In questo contesto quindi ecco un ventaglio di proposte:
-Che l’incentivo debba essere una misura temporanea e strutturata, calata in ambiti ritenuti strategici da una pianificazione nazionale. Per assicurare una corretta gestione del denaro pubblico attraverso gli incentivi, associare regole di vigilanza e controllo all’erogazione degli incentivi e meccanismi sanzionatori e di disincentivazione all’uso non ortodosso dell’istituto, o che monetizzino parte dell’incentivo al lavoratore o che rappresentino una penalizzazione per l’impresa all’ottenimento di altri benefici futuri, prevedendo un meccanismo premiale che potrebbe legare l’incentivo ricevuto all’incremento della performance di impresa e al fatto che l’impresa da sola abbia proceduto ad altre assunzioni oltre al mantenimento della precedente.
-Una vigilanza più serrata sui contratti a tutele crescenti per le donne, con o senza incentivo, in quanto l’indebolimento delle tutele dell’art.18 potrebbe rafforzare le note pratiche discriminatorie nei confronti delle lavoratrici femminili, per le quali da sempre il divieto normativo non è sufficiente e facilmente aggirabile.
-Un monitoraggio serrato sull’“altra faccia del Jobs act”, ossia il proliferare del lavoro femminile pagato tramite voucher, che sta assumendo i connotati di nuovo modo di ottenere flessibilità a costi più bassi delle forme esistenti e regolamentate (a partire dai settori dove le donne sono più presenti, commercio, turismo, servizi). In particolar modo contro la liberalizzazione dei settori e dei limiti di reddito stabiliti con il d. lgs 15 giugno 2015 n. 81, occorre una revisione degli ambiti di applicazione del lavoro accessorio. In particolare l’eliminazione della cura e assistenza alle persone che richiede valore, qualità e professionalità che non possono essere assimilate a lavori saltuari di manutenzione (e indirettamente la revisione della disciplina del voucher babysitting introdotto dalla L.92/125).

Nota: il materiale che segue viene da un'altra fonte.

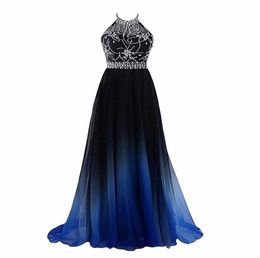 2022 Sexy Halter Gradient Prom -jurken met lange chiffon plus size ombre avondfeestjurken kralen formeel feestkleding jurk laceUp5856625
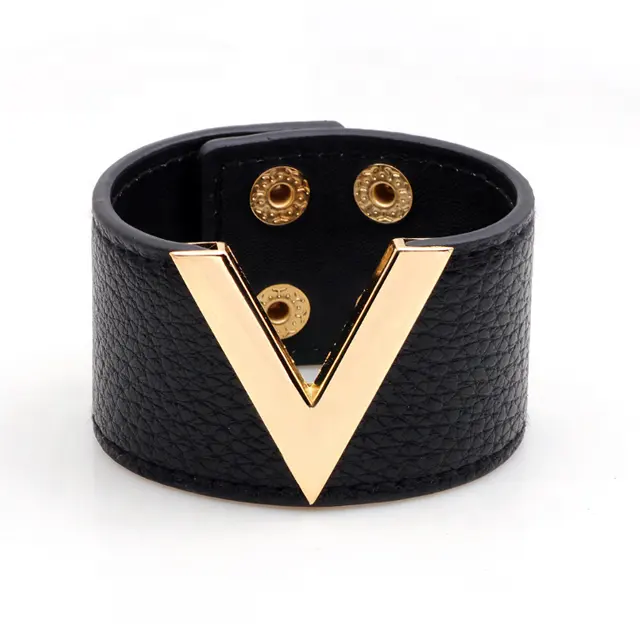 Pulsera ancha de cuero americano y europeo para mujer, brazalete de alta calidad con escote en V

In sintesi, il Jobs act deve trasformarsi da strumento di propaganda a strumento di crescita. Perché è lo sviluppo economico che crea l’occupazione e non il contrario e che quindi in questo momento il sistema da solo non è in grado di produrre opportunità di lavoro a regime. La strada per far ripartire il Paese non è quella di drogare il mercato attuale con incentivi a fondo perduto, o cercare di abbassare a tutti i costi il costo del lavoro (battaglia persa in partenza con la concorrenza orientale) ma quella di coinvolgere il sistema produttivo in un disegno più grande di crescita del paese, un nuovo new deal italiano, un Progetto Paese, in cui l’Italia rinasca investendo in prodotti, innovazione e filiere specifiche e su questi (e non sul costo del lavoro) possa essere competitivo sui mercati.
Un nuovo New deal, entro cui orientare anche le richieste d’inserimento lavorativo dei giovani e di ricollocazione di chi il lavoro lo ha perso, in cui lo Stato, di concerto con Enti locali, definisce alcuni ambiti di intervento prioritari, d’interesse della collettività (ad esempio su temi quali il welfare, la cultura, il turismo, il decoro urbano) che possa produrre occupazione, servizi aggiuntivi e ricchezza. L’obiettivo è innescare l’effetto moltiplicatore tra produzione, reddito, consumi, per riattivare in prima istanza il circuito produttivo e stimolare la domanda. A partire dalle donne.